El hecho es que el joven doctor Maxwell convivió con esa secreta "culpa", hasta que un año y medio después leyó, en las páginas finales de Mi último suspiro, el libro de memorias de Luis Buñuel, lo que apunta:

“Para mí, la muerte atroz es la que sobreviene en una habitación de hotel, en medio de maletas abiertas y papeles desordenados. Igualmente atroz, y quizás peor, me parece la muerte largo tiempo diferida por las técnicas médicas, esa muerte que no acaba. En nombre del juramento de Hipócrates, que coloca por encima de todo el respeto a la vida humana, los médicos han creado la más refinada de las torturas modernas: la sobrevivencia. Eso me parece criminal. Yo he llegado a compadecer a Franco, a quien se mantuvo artificialmente vivo durante meses, a costa de sufrimientos increíbles. ¿Para qué? Si bien es cierto que los médicos que nos ayudan en ocasiones, la mayor parte de las veces son moneymakers,  [hacedores de dinero], sometidos a la ciencia y el horror de la tecnología. Que se nos deje morir, llegado el momento, e incluso que se nos dé un empujoncito para partir más de prisa”.

“-Sentí un gran alivio cuando leí eso –concluye el doctor Maxwell-. La muerte es parte del proceso de la vida, es algo natural, es algo que le va a suceder a todos. Es lo único seguro que tenemos en esta vida”.

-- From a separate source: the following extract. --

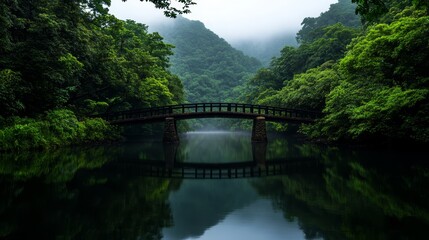Fototapeta premium Serene Bridge in Lush Valley - Tranquil scene of a wooden bridge reflecting in a calm lake, surrounded by lush green mountains. Perfect for nature, travel, and serenity themes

Buñuel deseó tener una muerte tranquila, como la de su amigo Max Aub, que murió jugando una partida de cartas. Y la tuvo: Se despidió de su mujer, de Jeanne, diciéndola "Ya me muero". No le sorprendió la muerte. Cuando llegó, la estaba esperando, era un 29 de julio de 1983, cerca de las cuatro de la tarde. Se incineró su cadáver, sus cenizas se esparcieron por un cercano bosque por el que gustaba dar paseos. Dicen que un sacerdote con el que le gustaba discutir, al que le gustaba provocar, se quedó con parte de las cenizas y las tiene escondidas en la capilla de una iglesia de la ciudad de México.

Espero que esas cenizas puedan de vez en cuando cumplir con sus últimos deseos: "Una cosa lamento: no saber lo que va a pasar. Abandonar el mundo en pleno movimiento, como en medio de un folletín. Yo creo que esta curiosidad por lo que suceda después no existía antaño, o existía menos, en un mundo que no cambiaba apenas. Una confesión: pese a mi odio a la información, me gustaría poder levantarme de entre los muertos cada 10 años, llegarme a un quiosco y comprar varios periódicos. No pediría nada más. Con mis periódicos bajo el brazo, pálido, rozando las paredes, regresaría al cementerio y leería los desastres del mundo antes de volverme a dormir, satisfecho, en el refugio tranquilizador de la tumba".